Court of Appeals of Ohio, Fifth District, Fairfield County
Mar 10, 1998
Case No. 97 CA 31 (Ohio Ct. App. Mar. 10, 1998)

Opinion

Case No. 97 CA 31

Date of Judgment Entry March 10, 1998

CHARACTER OF PROCEEDING: Criminal appeal from the Court of Common Pleas, Case No. 96-CR-104

JUDGMENT: Affirmed

APPEARANCES:

GREGG MARX, For Plaintiff-Appellee

LARRY L. RUSSELL, SR., PRO SE, For Defendant-Appellant

JUDGES: Hon. Sheila G. Farmer, P.J., Hon. W. Scott Gwin, J. and Hon. William B. Hoffman, J.


OPINION


On April 17, 1996, the Fairfield County Grand Jury indicted appellant, Larry L. Russell, Sr., on one count of escape in violation of R.C. 2921.34 and one count of assault in violation of R.C. 2903.13.

A jury trial commenced on March 18, 1997. After the jury began deliberating, the trial court held a contempt hearing. The trial court found appellant disrupted the administration of justice by filing a disruptive document and continually ignoring the trial court's instructions. By judgment entries filed March 28, 1997, the trial court sentenced appellant to a total term of thirty days in jail and imposed a total fine of $600. The jury returned and found appellant guilty of escape and not guilty of assault. By judgment entry filed April 2, 1997, the trial court sentenced appellant to a term of one and one-half years to be served after the thirty day sentence for contempt, and imposed a $500 fine plus costs.
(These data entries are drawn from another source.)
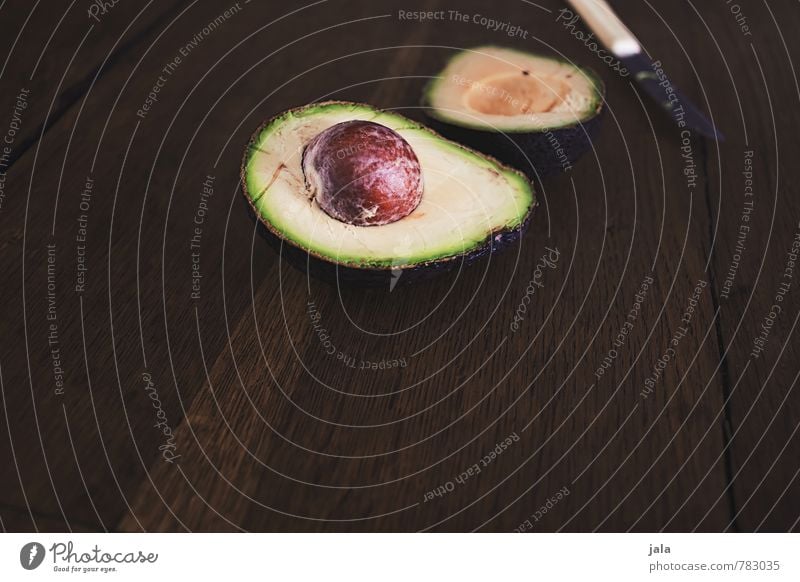 avocado Lebensmittel Gemüse Avocado Ernährung Bioprodukte Vegetarische Ernährung Messer Gesundheit lecker natürlich Appetit & Hunger Holztisch Gesunde Ernährung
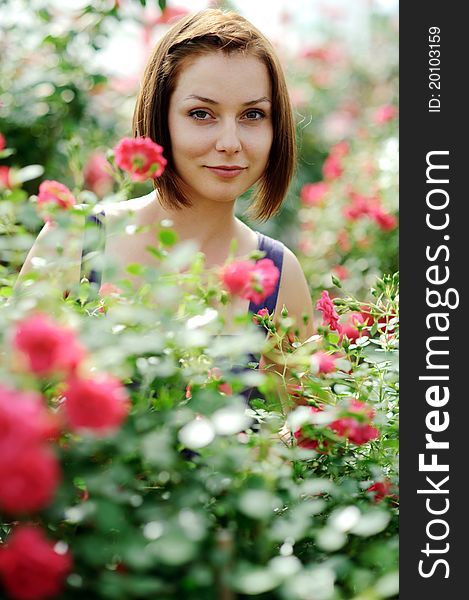 An image of a young beautiful woman and roses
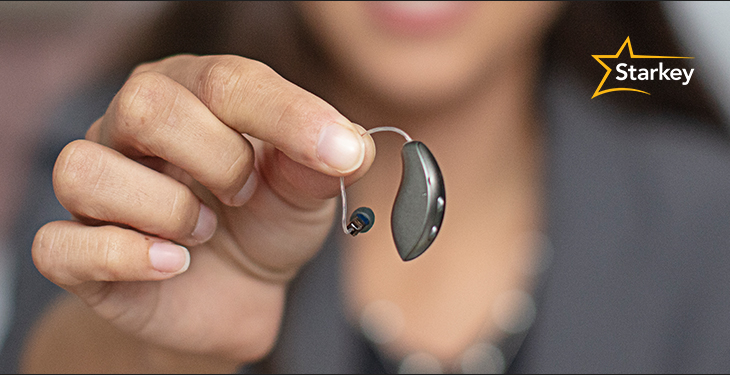 Close-up image of woman's hand holding standard hearing aid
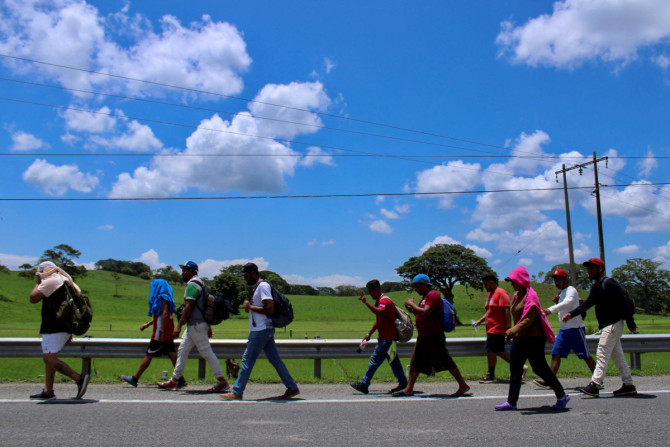 Venezuelans take part in a caravan toward the U.S.
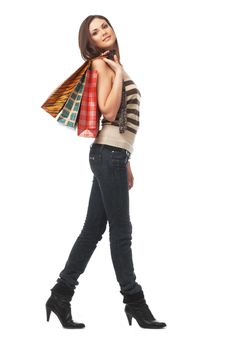 Full length portrait of a young woman with bags over white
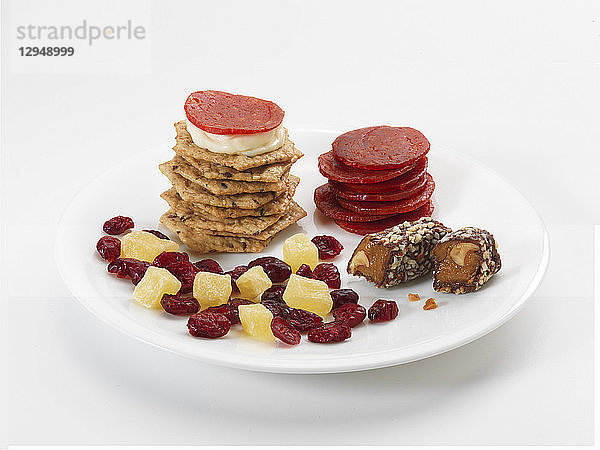 Süße und herzhafte Snacks auf Tellern: Cracker  Würstchen  Trockenfrüchte und Süßigkeiten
Appellant filed a notice of appeal and this matter is now before this court for consideration. Assignments of error are as follows:

I

IN THIS CASE, THE LOWER COURT ABUSED ITS DISCRETION BY NOT CONSIDERING THE FACTS AND LAW PRESENTED REGARDING: (1) THE AUTHORITY OF THE LOWER COURT TO PROCEED AGAINST APPELLANT WITHOUT HAVING SUBJECT MATTER JURISDICTION, (2) THE FIDUCIARY DUTY OF THE JUDGE TO PROTECT THE UNALIENABLE RIGHTS OF THE PEOPLE, (3) THE FACT THAT THE PROSECUTION DID NOT PROVE ALL THE ELEMENTS OF THE CRIME, (4) THE FACT THAT THE LOWER COURT CASE WAS BASED ON AN ALLEGED VIOLATION IN ANOTHER COUNTY WHICH WAS NEVER ADJUDICATED, AND (5) THE CONTEMPT PROCEEDINGS BEING CONDUCTED BY ONE JUDGE.

II

THE DEFENDANT WAS DENIED DUE PROCESS BECAUSE THE RECORD IN THIS CASE SHOWS THAT THERE WAS NO PROOF OF SUBJECT MATTER JURISDICTION BY THE PROSECUTION EVEN THOUGH PROPERLY CHALLENGED BY APPELLANT AND MANY QUESTIONS OF FACT OR LIABILITY WERE CONCLUSIVELY PRESUMED AGAINST APPELLANT.

I

Appellant claims the trial court did not have subject matter jurisdiction to hear his case. Appellant claims the statutes under which he was charged "do not adhere to several constitutional provisions of the Constitution of the state of Ohio (1851)." Appellant's Brief at 6. We disagree.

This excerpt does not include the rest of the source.